**Data for analysis:**
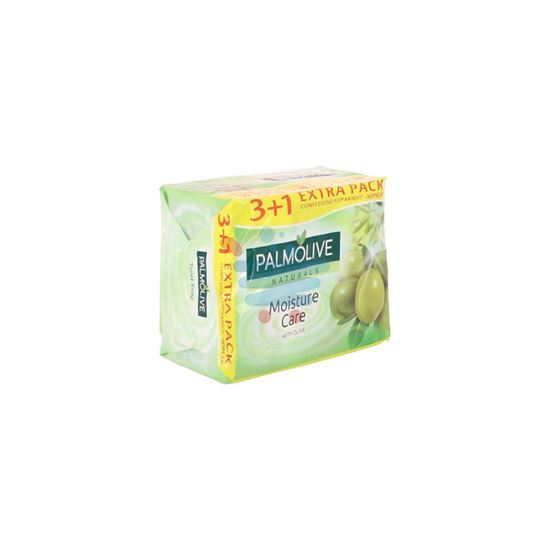 PALMOLIVE SAPONE OLIO D'OLIVA 4 PEZZI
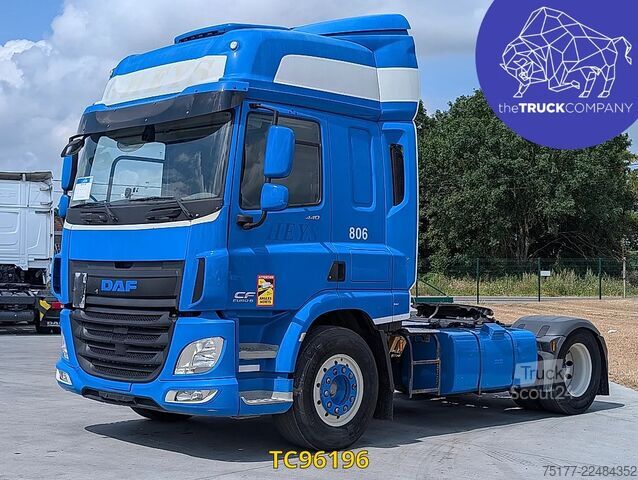 Standard-SZM DAF CF 440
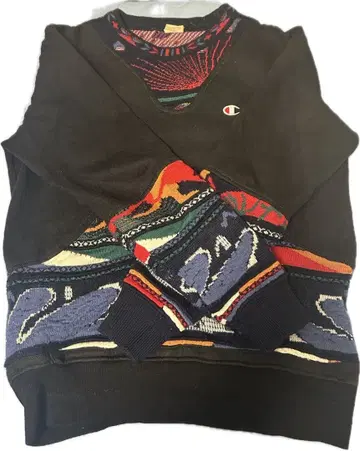 Champion 맨투맨 리메이크 usa 80s~90s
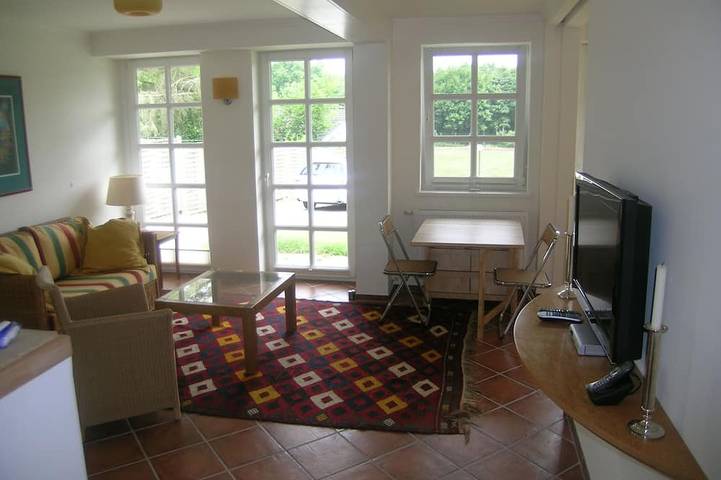 Ferienwohnung für 2 Personen, mit Garten - 1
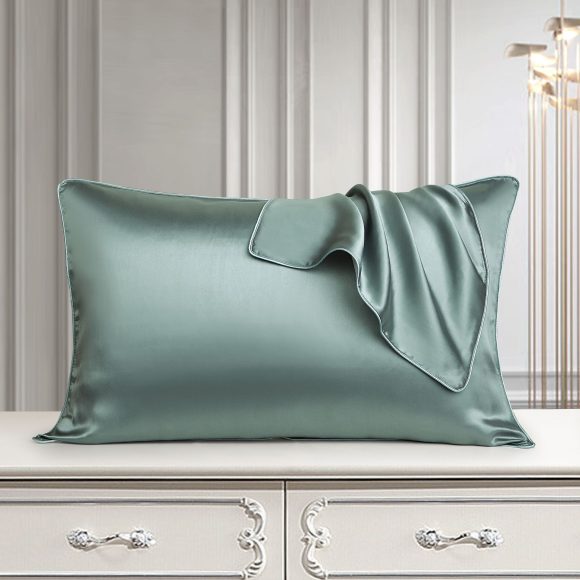 Silk Pillow Case Pure Silk Pillowcase Real Silk Pillowcase Natural Silk Pillowcase - Image 3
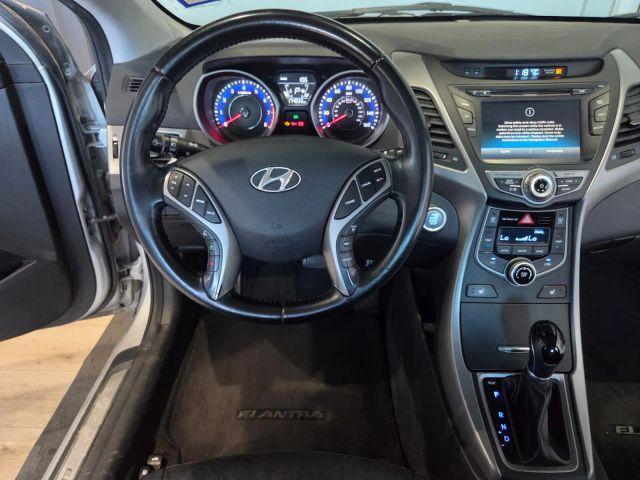 used 2014 Hyundai Elantra car, priced at $6,995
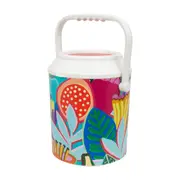 COOLER 10 LATAS FLORESCER - SORBET DE MENTA/MULTICOR - Foto 3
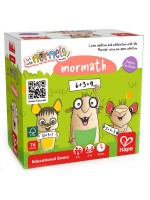 Образователна настолна игра Hape International - Mormath Образователна настолна игра Hape International - Mormath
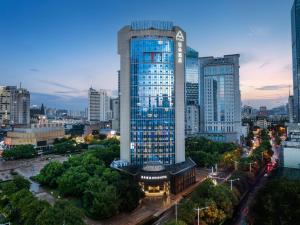 Atour Hotel Hefei Huaihe Road Pedestrian Street City Hall Square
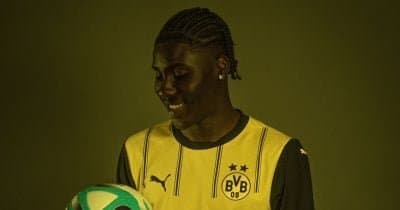 Parma Invests €1.5 Million to Secure Young Talent Ousmane Diallo from Dortmund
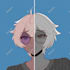 draw anime style, original character, design character etc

**Task requirements:**
Word for word, give again the lines from the line with "used 2014 Hyundai" through the end of the records above, with both ends included and the pictures left out.

**Expected output:**
 used 2014 Hyundai Elantra car, priced at $6,995
 COOLER 10 LATAS FLORESCER - SORBET DE MENTA/MULTICOR - Foto 3
 Образователна настолна игра Hape International - Mormath Образователна настолна игра Hape International - Mormath
 Atour Hotel Hefei Huaihe Road Pedestrian Street City Hall Square
 Parma Invests €1.5 Million to Secure Young Talent Ousmane Diallo from Dortmund
 draw anime style, original character, design character etc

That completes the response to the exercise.